### Problem to work on
Make a verbatim copy of the entries below; pictures stay out.

Items from a data source:
↓↓↓
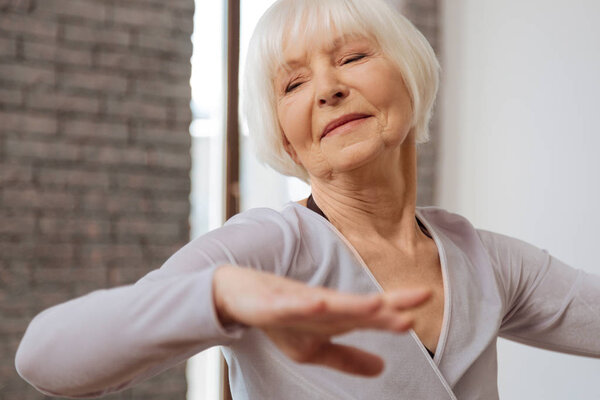 Elderly woman performing in ballroom 
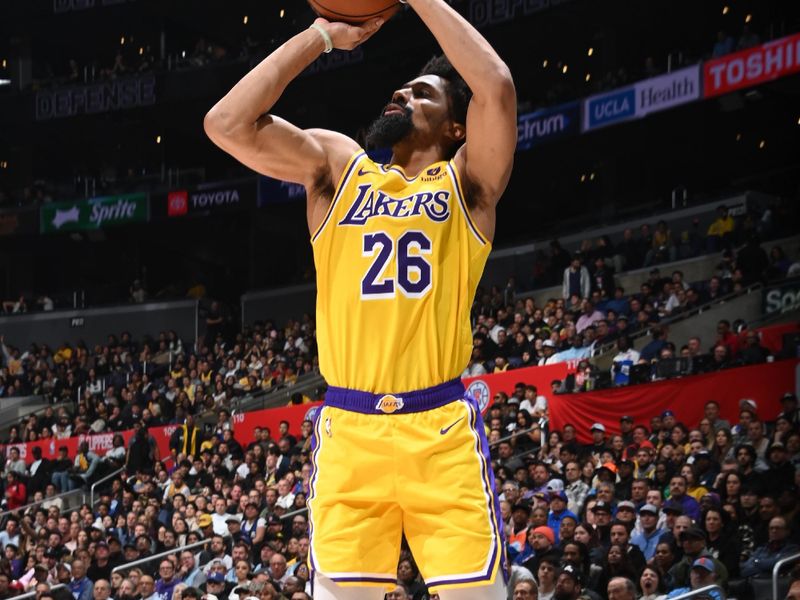 LOS ANGELES, CA - FEBRUARY 28: Spencer Dinwiddie #26 of the Los Angeles Lakers shoots the ball during the game against the LA Clippers on February 28, 2024 at Crypto.Com Arena in Los Angeles, California. NOTE TO USER: User expressly acknowledges and agrees that, by downloading and/or using this Photograph, user is consenting to the terms and conditions of the Getty Images License Agreement. Mandatory Copyright Notice: Copyright 2024 NBAE (Photo by Andrew D. Bernstein/NBAE via Getty Images)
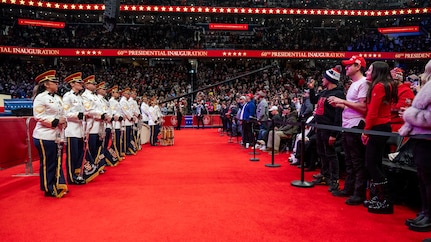 line of trumpet players stand across from audience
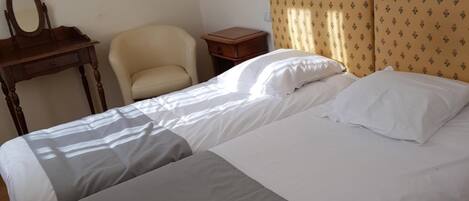 Una habitación de hotel con una cama doble, una mesita de noche pequeña, una silla, un escritorio con un espejo y una lámpara de pared.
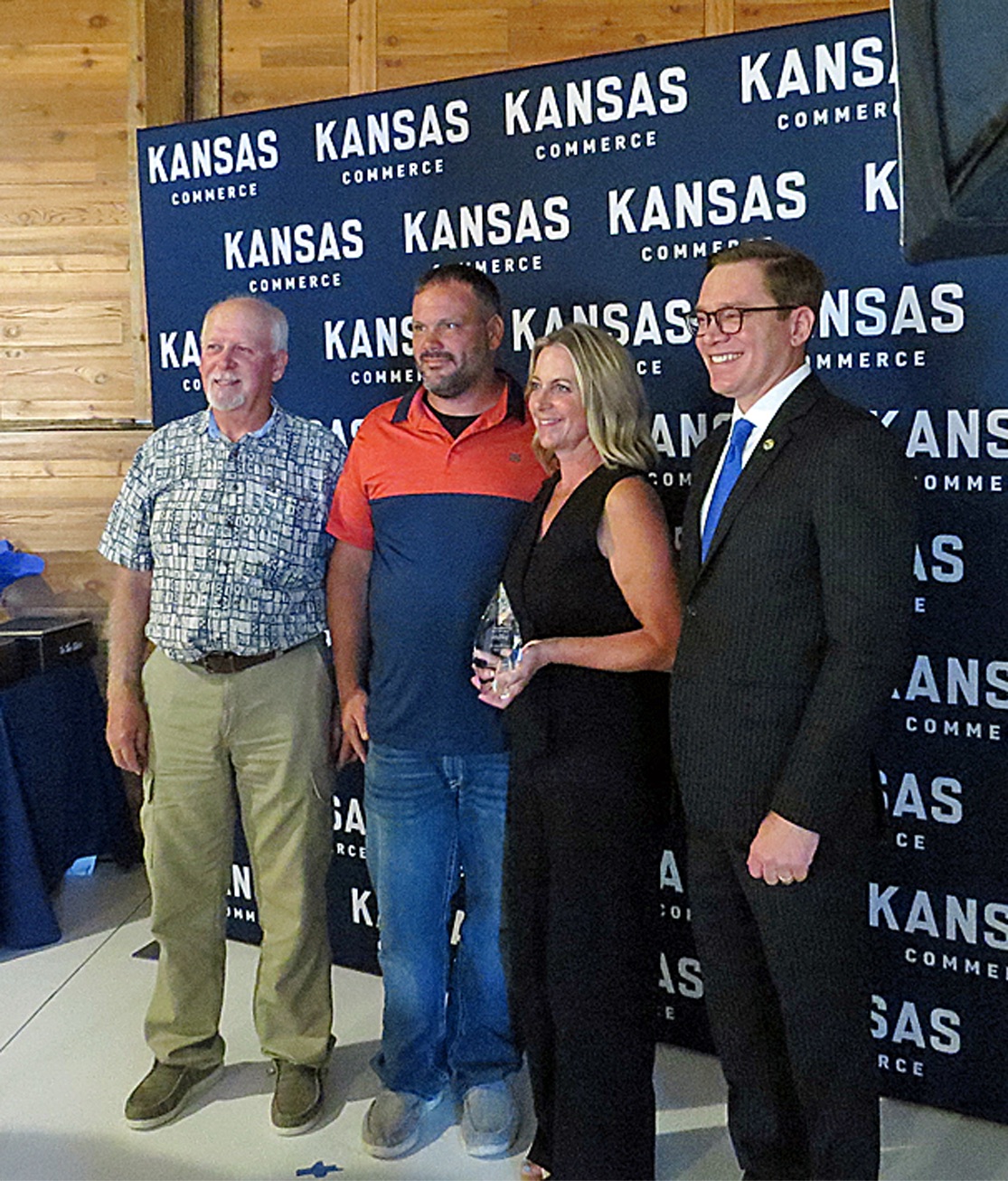 The Community Impact Award goes to Brandi Lahey, The Wild Sage Ranch, LLC. Pictured with Brandi are Steve Morisse, Evan Lahey, Brandi and Lt. Governor  and Secretary of Commerce David Toland.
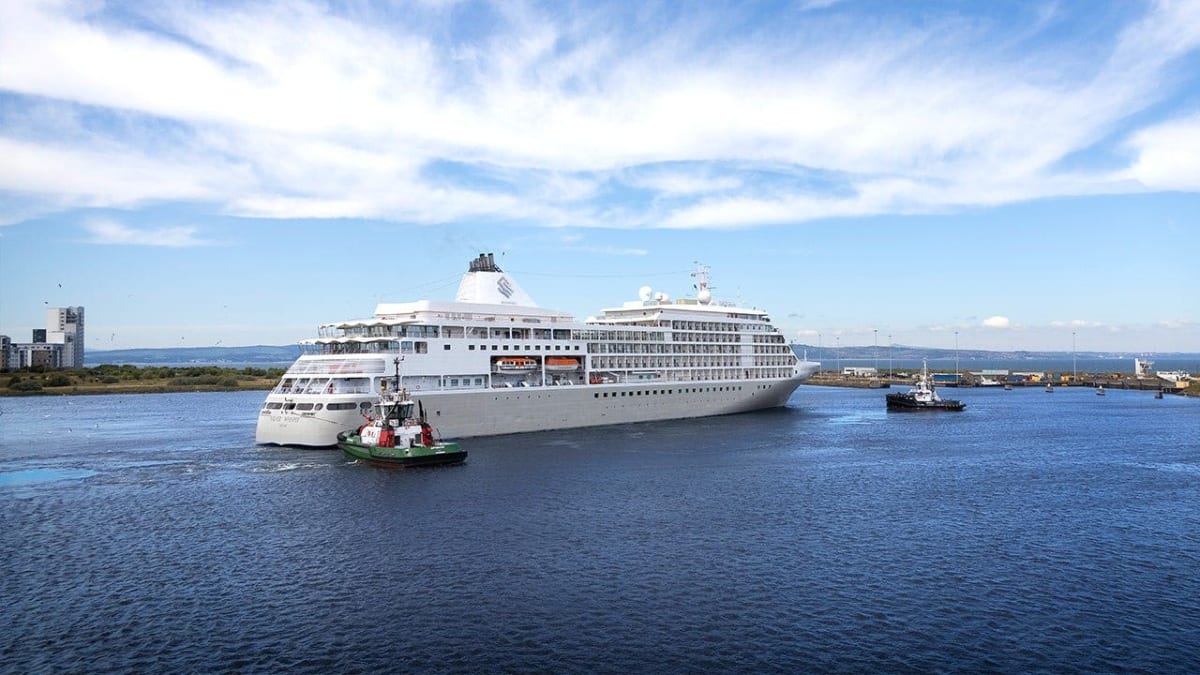 Luxury cruise ship Silver Whisper sailing through ocean waters during daytime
↑↑↑
### Output below
 Elderly woman performing in ballroom 
 LOS ANGELES, CA - FEBRUARY 28: Spencer Dinwiddie #26 of the Los Angeles Lakers shoots the ball during the game against the LA Clippers on February 28, 2024 at Crypto.Com Arena in Los Angeles, California. NOTE TO USER: User expressly acknowledges and agrees that, by downloading and/or using this Photograph, user is consenting to the terms and conditions of the Getty Images License Agreement. Mandatory Copyright Notice: Copyright 2024 NBAE (Photo by Andrew D. Bernstein/NBAE via Getty Images)
 line of trumpet players stand across from audience
 Una habitación de hotel con una cama doble, una mesita de noche pequeña, una silla, un escritorio con un espejo y una lámpara de pared.
 The Community Impact Award goes to Brandi Lahey, The Wild Sage Ranch, LLC. Pictured with Brandi are Steve Morisse, Evan Lahey, Brandi and Lt. Governor  and Secretary of Commerce David Toland.
 Luxury cruise ship Silver Whisper sailing through ocean waters during daytime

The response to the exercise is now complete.